■ WHAT IS REQUIRED:
Retype nothing except the lines below from the one with "Gorro De Fiesta" through the one with "Golden Eyebrow Ruler", exactly, with images left out.

GIVEN RECORDS START

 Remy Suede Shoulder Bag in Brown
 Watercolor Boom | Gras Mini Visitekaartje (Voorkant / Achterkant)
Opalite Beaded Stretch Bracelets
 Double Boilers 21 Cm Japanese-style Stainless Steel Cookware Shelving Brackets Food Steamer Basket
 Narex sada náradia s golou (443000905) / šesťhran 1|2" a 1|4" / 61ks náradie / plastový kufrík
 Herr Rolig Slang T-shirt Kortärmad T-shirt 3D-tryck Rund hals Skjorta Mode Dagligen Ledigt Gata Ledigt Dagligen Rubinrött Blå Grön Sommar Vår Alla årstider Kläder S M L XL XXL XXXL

GIVEN RECORDS END
GIVEN RECORDS START

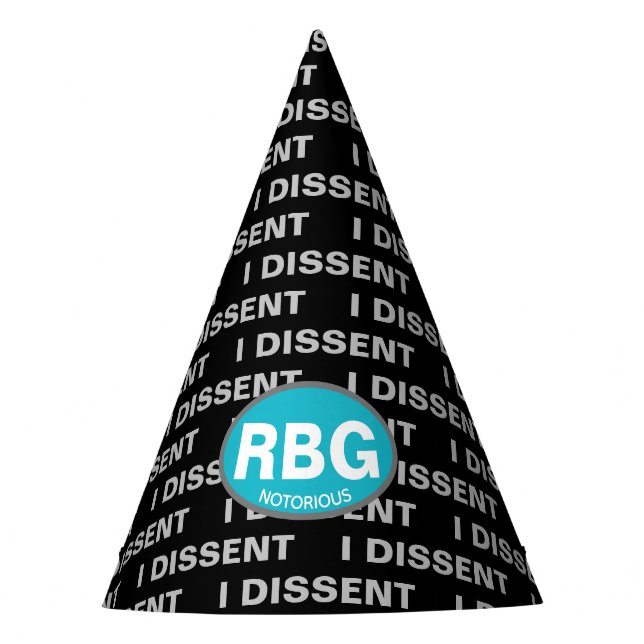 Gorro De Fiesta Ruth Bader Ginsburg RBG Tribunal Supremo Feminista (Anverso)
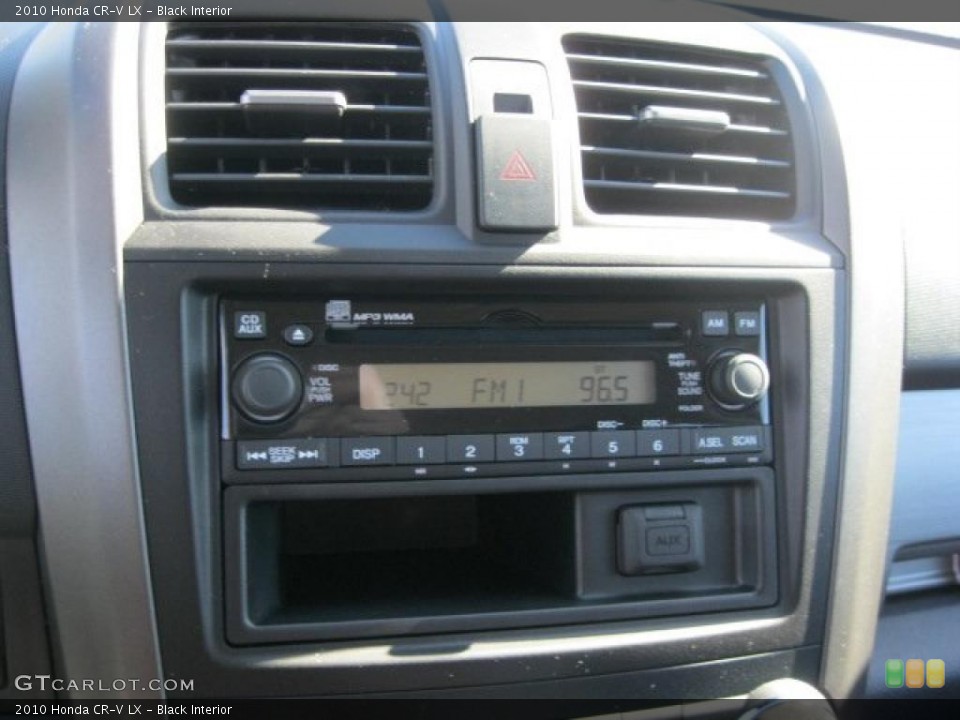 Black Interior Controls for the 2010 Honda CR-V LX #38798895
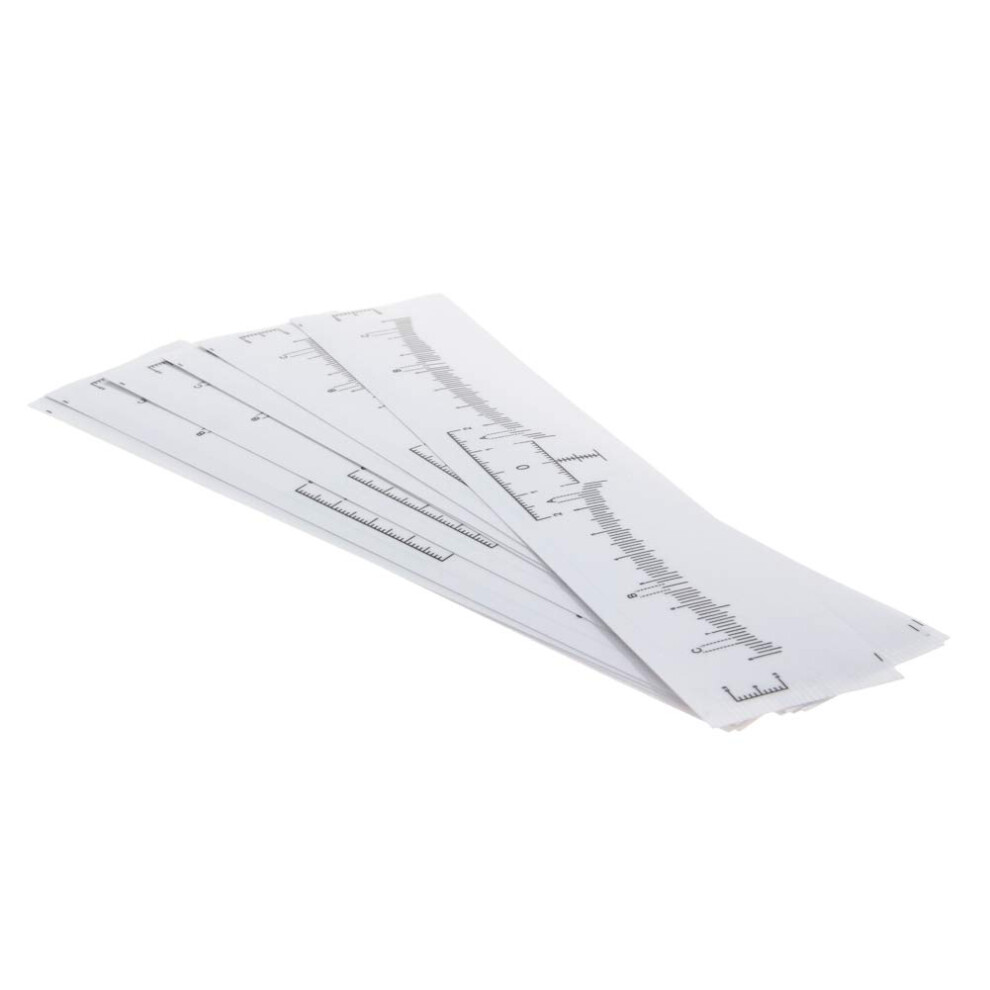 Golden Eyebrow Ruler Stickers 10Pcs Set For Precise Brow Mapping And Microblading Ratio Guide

GIVEN RECORDS END

■ RESULT OF THIS EXERCISE:
 Gorro De Fiesta Ruth Bader Ginsburg RBG Tribunal Supremo Feminista (Anverso)
 Black Interior Controls for the 2010 Honda CR-V LX #38798895
 Golden Eyebrow Ruler Stickers 10Pcs Set For Precise Brow Mapping And Microblading Ratio Guide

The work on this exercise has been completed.